▶ What to work on
Repeat the listing below word for word, minus the pictures.

▶ Raw data
★ ★ ★

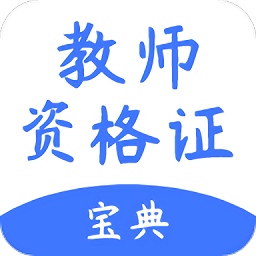 考教师宝典app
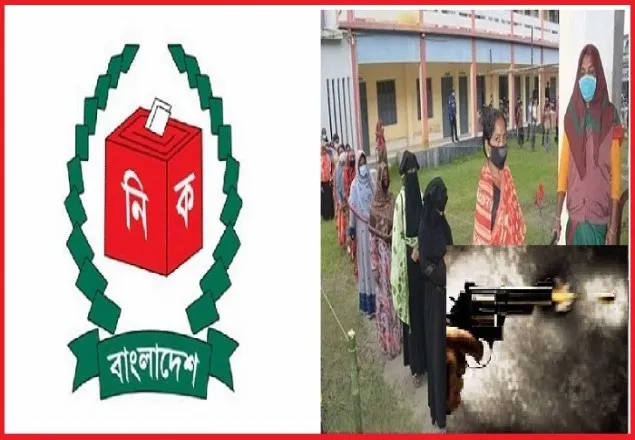 ইউপি নির্বাচন: মহেশখালীতে গোলাগুলিতে নিহত ২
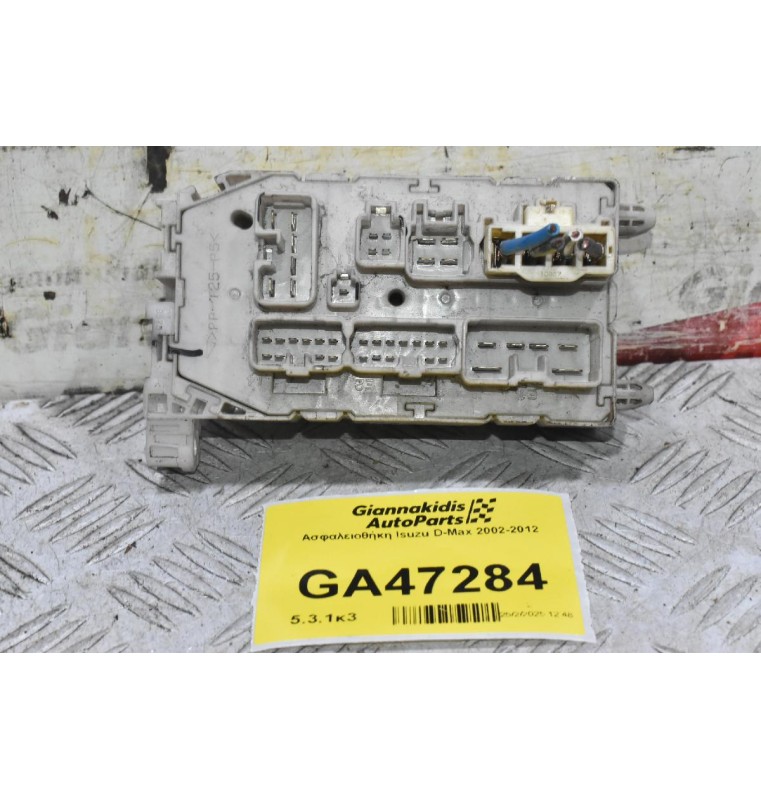 Ασφαλειοθήκη Isuzu D-Max 2002-2012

★ ★ ★

▶ Written response
 考教师宝典app
 ইউপি নির্বাচন: মহেশখালীতে গোলাগুলিতে নিহত ২
 Ασφαλειοθήκη Isuzu D-Max 2002-2012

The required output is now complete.